Segment Start: MATERIAL SUPPLIED
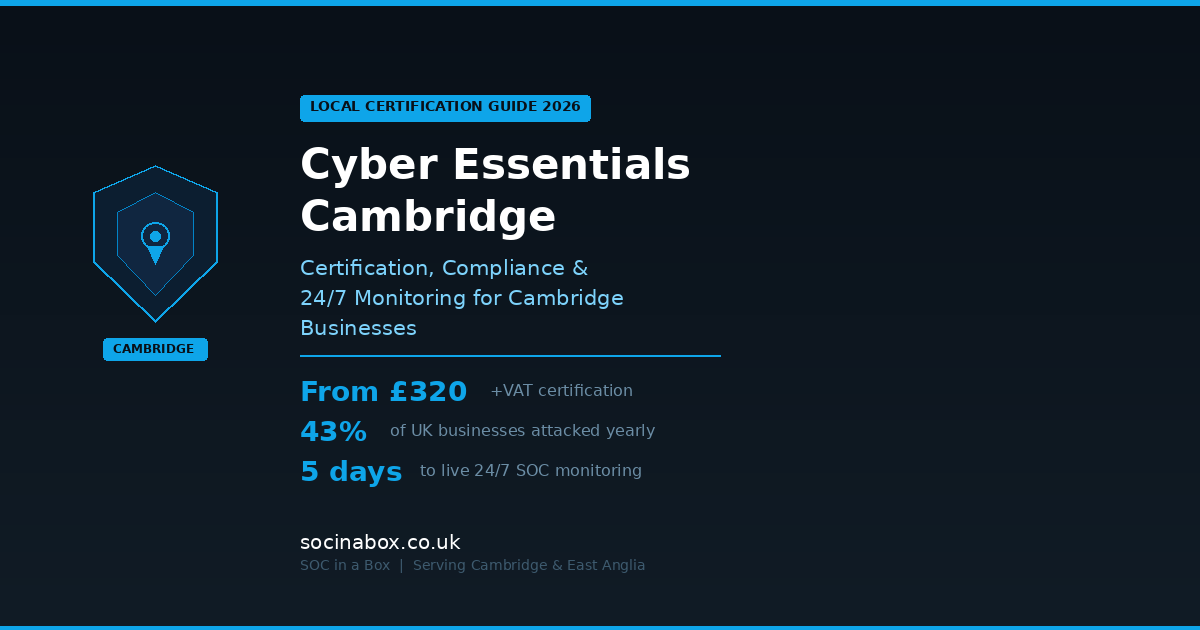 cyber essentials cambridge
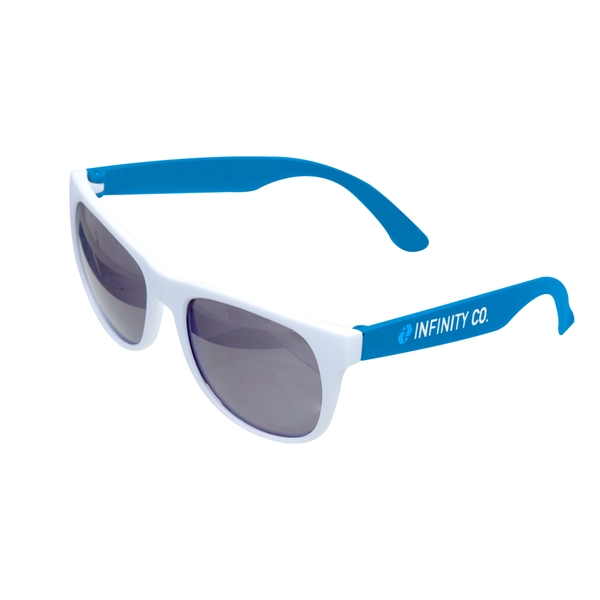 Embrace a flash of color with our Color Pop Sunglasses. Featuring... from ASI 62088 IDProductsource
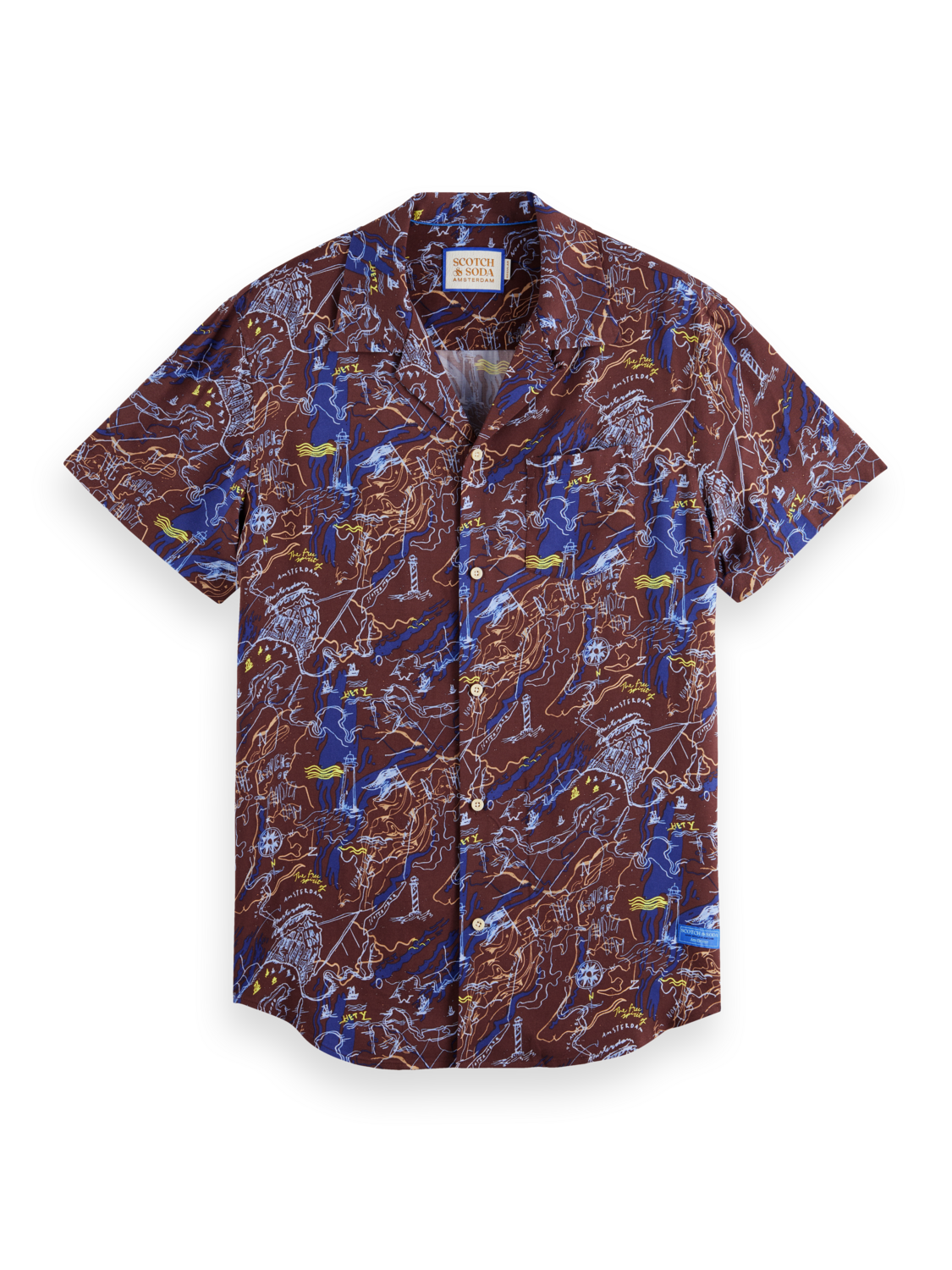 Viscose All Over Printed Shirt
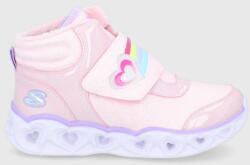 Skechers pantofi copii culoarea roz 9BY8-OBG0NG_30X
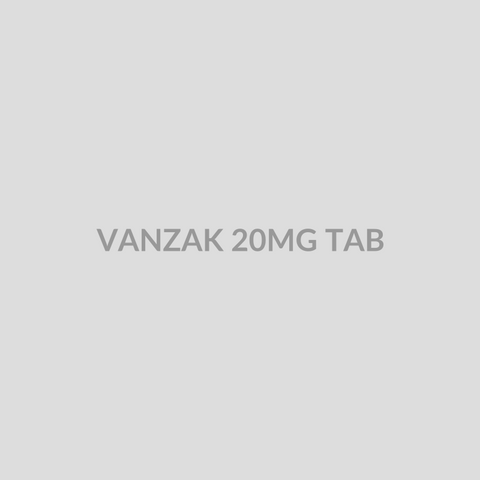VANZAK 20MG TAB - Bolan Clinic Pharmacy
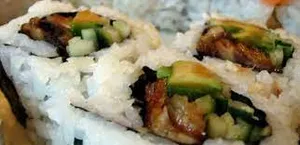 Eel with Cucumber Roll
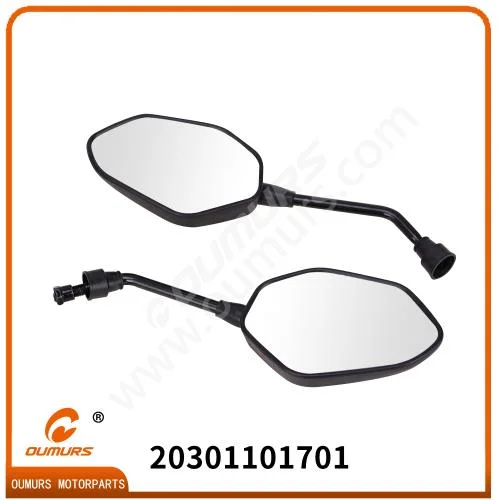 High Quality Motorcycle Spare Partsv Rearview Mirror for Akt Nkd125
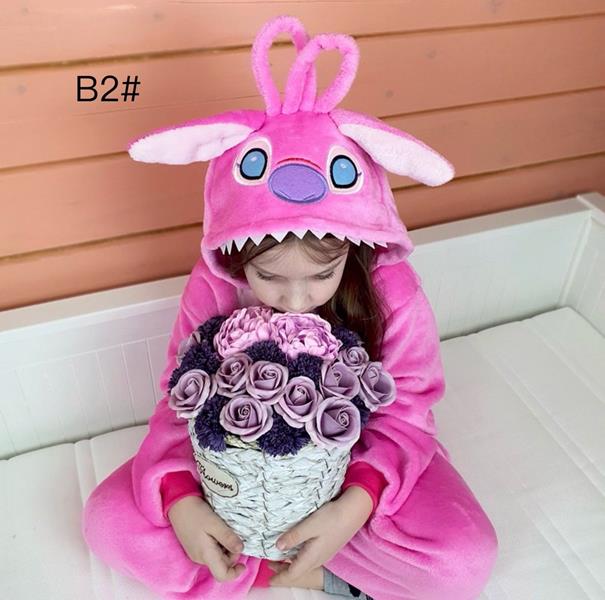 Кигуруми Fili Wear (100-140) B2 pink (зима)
Segment End: MATERIAL SUPPLIED
## YOUR ASSIGNMENT
From the line with "Embrace a flash" down to the final line of the entries above, repeat each line exactly; omit the pictures.

## RESULT
 Embrace a flash of color with our Color Pop Sunglasses. Featuring... from ASI 62088 IDProductsource
 Viscose All Over Printed Shirt
 Skechers pantofi copii culoarea roz 9BY8-OBG0NG_30X
VANZAK 20MG TAB - Bolan Clinic Pharmacy
 Eel with Cucumber Roll
 High Quality Motorcycle Spare Partsv Rearview Mirror for Akt Nkd125
 Кигуруми Fili Wear (100-140) B2 pink (зима)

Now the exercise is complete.